スタジオジブリの名作『魔女の宅急便』は、13歳の魔女「キキ」の成長物語です。映画では個性豊かなキャラクターたちが物語に彩りを添えていますが、それぞれのキャラクターには、知られざる「裏話」があるのをご存知でしょうか。



画像は雨のなか飛ぶキキ (C) 1989 Eiko Kadono/Hayao Miyazaki/Studio Ghibli, N

【画像】え…っ? 全然印象違う… こちらが17歳、19歳になったキキです(3枚)

『魔女の宅急便』のエンディングには、意外な案も?

 1989年に公開されたスタジオジブリの映画『魔女の宅急便』(原作:角野栄子)では、13歳の女の子「キキ」が、一人前の魔女になるために親元を離れ、成長していくストーリーが描かれています。その本作には、キキをとりまく個性的なキャラクターたちが多く登場しており、彼らには映画を見ただけでは分からない「裏話」が存在しました。
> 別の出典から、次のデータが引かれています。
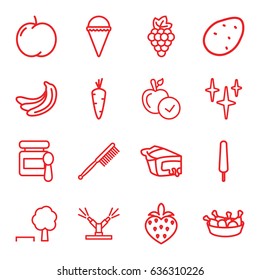 Fresh icons set. set of 16 fresh outline icons such as potato, carrot, apple, grape, banana, baby food, toothbrush, clean, ice cream, ice cream on stick, chicken leg, pie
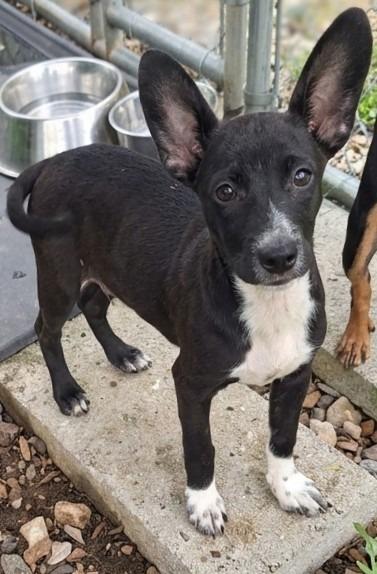 Douglas, a Adoptable mixed breed in Mena, AR image 3/3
 故郷を旅立ったキキは、海の見える大きな街で魔女の修行をすることを決めます。そこでキキが下宿することになるのが、「グーチョキパン屋」です。そこのおかみさんである「おソノ(通称:おソノさん)」は、キキの理解者のひとりでした。

 26歳という若さでパン屋を切り盛りし、明るくて親切なおソノさんに関して、『魔女の宅急便』の劇場パンフレットには、おソノさんが「青春時代にはそれなりにツッパった経験を持つ」人物だと書かれています。また、2013年に刊行された書籍『ジブリの教科書5 魔女の宅急便』でも、彼女に関して26歳にしてはしっかり者であることが書かれており、スタッフの意見として「もしかしたらゾク(暴走族)だったのかも」とまで記されていました。

 具体的にどんな過去があったのかは分かりませんが、エンディングでは「(赤ちゃんを産んだ後のおソノさんが)バイクに乗る」場面の案もあったそうです。

 また、主人公であるキキの声を担当した、声優の高山みなみさんについても、驚きのエピソードがありました。『ジブリの教科書5 魔女の宅急便』によれば、高山さんはもともとキキに影響を与える画家「ウルスラ」役の方の候補だったのです。

 しかし、制作陣は肝心のキキ役を決めるのに苦戦していました。宮崎駿監督の提案で高山さんにキキのセリフを録音してもらったところ、スタッフたちは「アッ、この声でイケる」と感じたそうです。そこで、高山さんはそのままキキ役に任命されます。ウルスラの役は、一度別の人に決まったものの、高山さんがキキとウルスラの両方を演じても不自然ではなかったため、最終的には高山さんがひとり2役を演じることになりました。

 また、キキといえば、大きな赤いリボンに真っ黒なワンピースが印象的、という人も多いのではないでしょうか。しかし、キキは最初からこの格好をしていたわけではありません。故郷を旅立ち魔女修行を始める前には黒い服は来ておらず、他の女の子と同じような格好をしています。原作小説の表紙に描いてある通り、キキが黒い服をまとうのは元々あった設定ですが、『ジブリの教科書5 魔女の宅急便』のなかでは、魔女の修行をするキキがどうして黒い服を着ているのか、宮崎監督が「自分なりに考えた」その理由について言及していました。

 宮崎監督いわく、「黒い服は、もっともそまつな服」を表し、魔女の修行というのは「いちばんそまつな服を着て、着かざったりしないで、ありのままの自分の姿で、自分の世界を見つけに行く」ということだそうです。キキが黒い服を着ているのは、やはり単なるファッションではなく、魔女の修行の一環なのでしょう。

 このように、『魔女の宅急便』には数々の裏話が存在しています。これらの話を知っていれば、よりいっそう作品を楽しめるかもしれません。